§ **Exercise details**:
Return the lines of the data below starting at the one holding "La Plume De" and ending at the one holding "DAUM FRÈRES, NANCY", word for word, leaving every picture out.

§ **Dataset**:
----
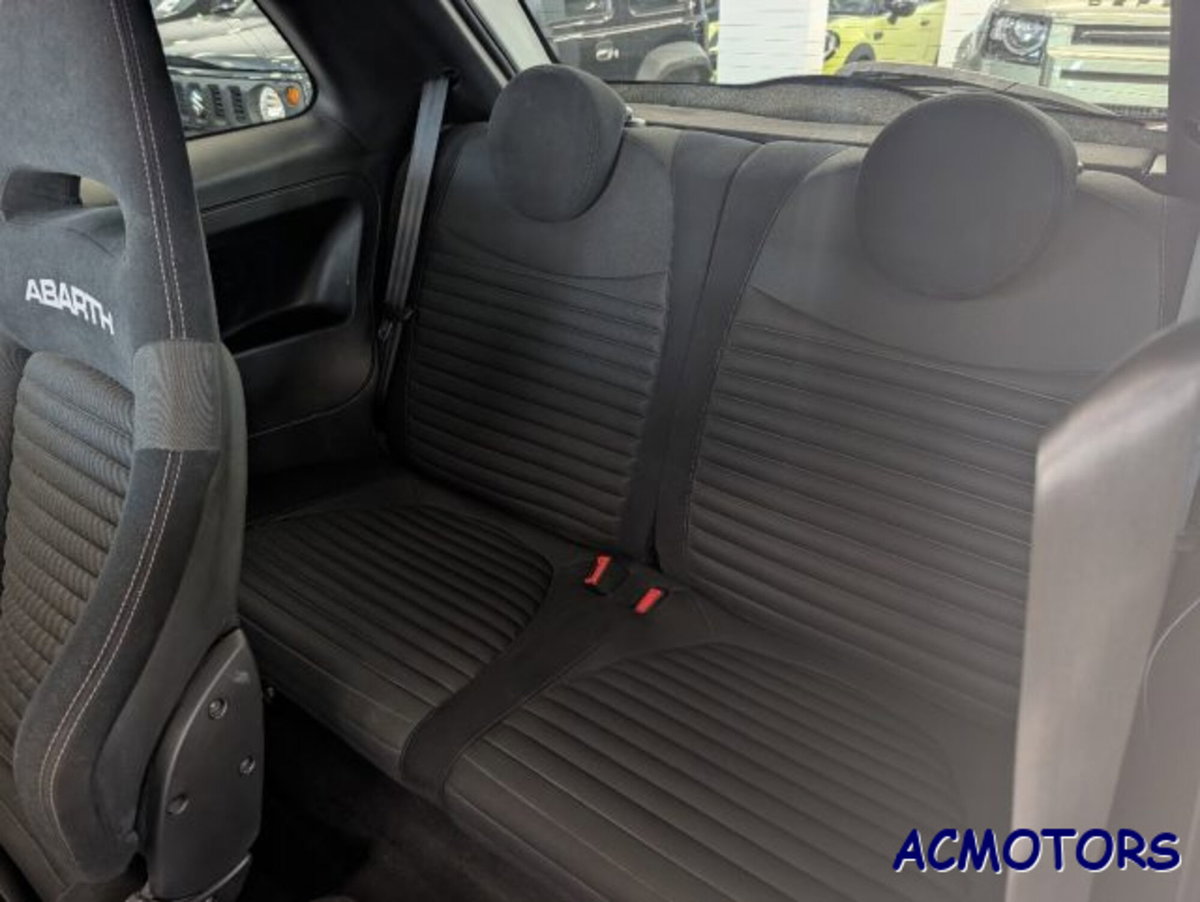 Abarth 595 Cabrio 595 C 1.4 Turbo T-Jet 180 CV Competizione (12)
----
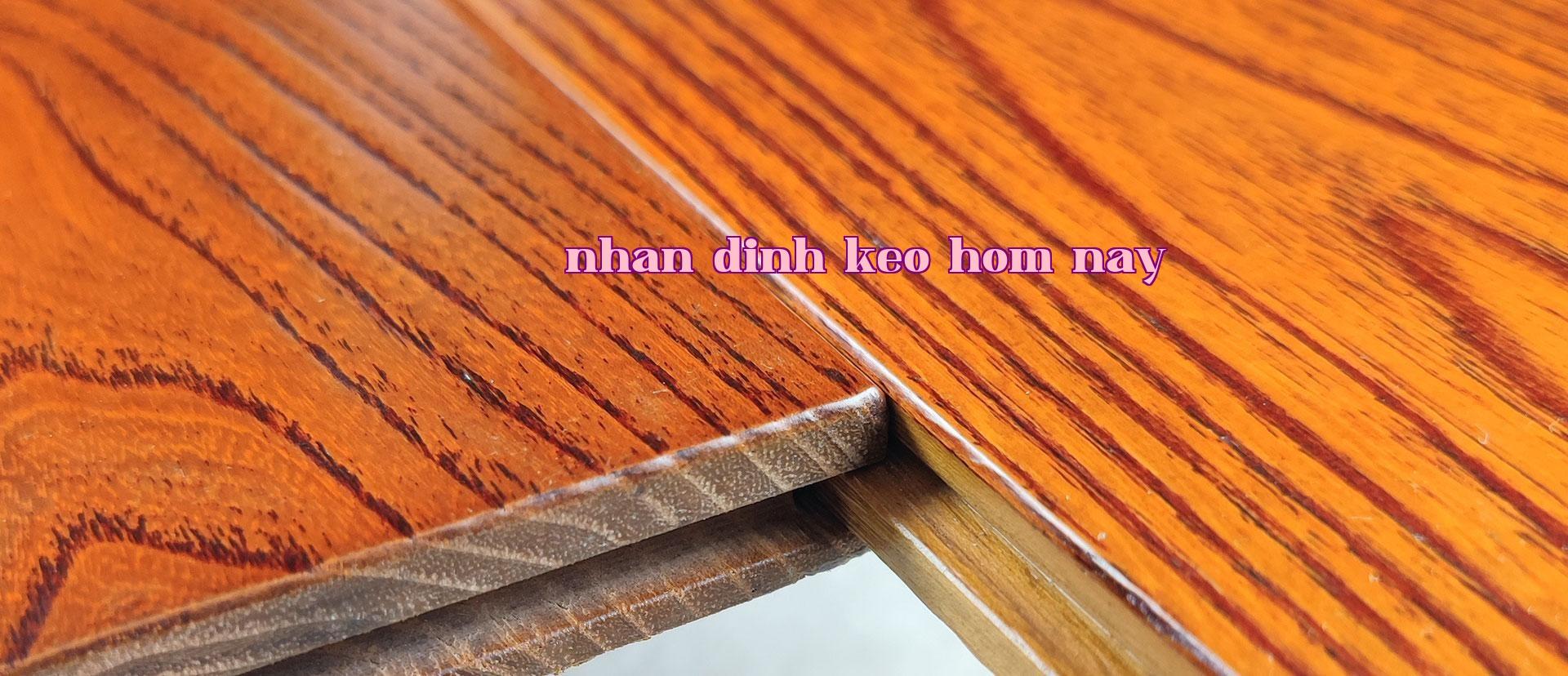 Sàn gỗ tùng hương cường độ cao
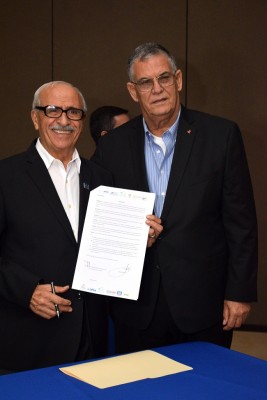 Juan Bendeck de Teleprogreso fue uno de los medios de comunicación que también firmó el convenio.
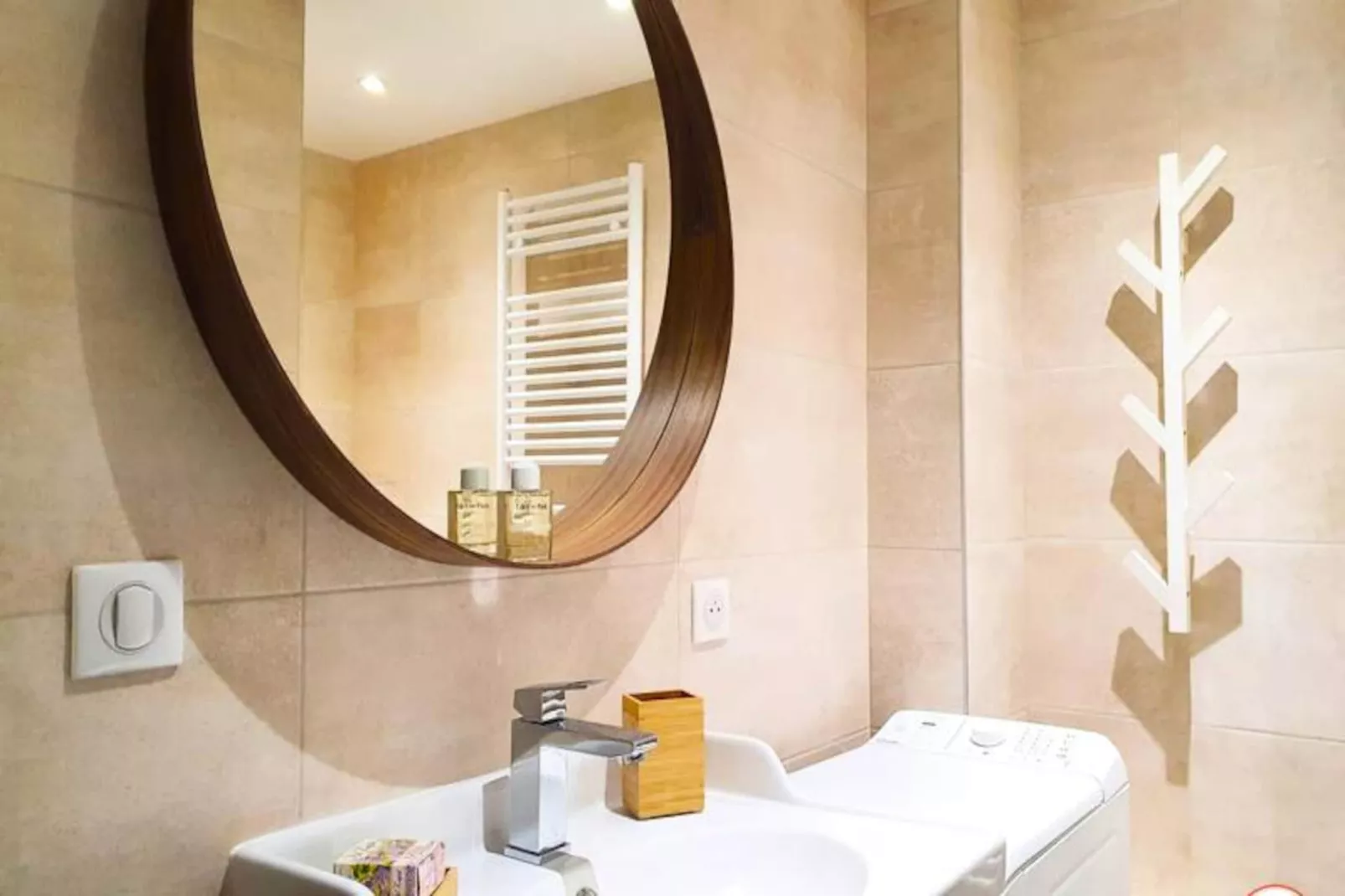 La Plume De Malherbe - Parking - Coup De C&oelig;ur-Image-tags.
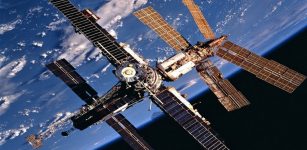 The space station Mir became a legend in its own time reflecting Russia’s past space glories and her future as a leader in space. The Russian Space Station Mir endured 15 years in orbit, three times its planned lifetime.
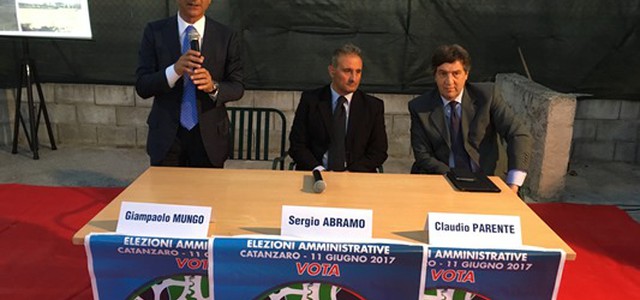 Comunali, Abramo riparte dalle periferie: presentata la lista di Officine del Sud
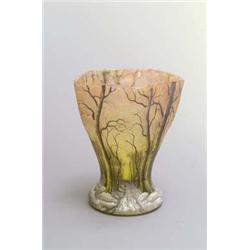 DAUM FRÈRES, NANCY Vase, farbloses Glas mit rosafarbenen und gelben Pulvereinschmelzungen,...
----
§ **Solution below**:
 La Plume De Malherbe - Parking - Coup De C&oelig;ur-Image-tags.
 The space station Mir became a legend in its own time reflecting Russia’s past space glories and her future as a leader in space. The Russian Space Station Mir endured 15 years in orbit, three times its planned lifetime.
 Comunali, Abramo riparte dalle periferie: presentata la lista di Officine del Sud
 DAUM FRÈRES, NANCY Vase, farbloses Glas mit rosafarbenen und gelben Pulvereinschmelzungen,...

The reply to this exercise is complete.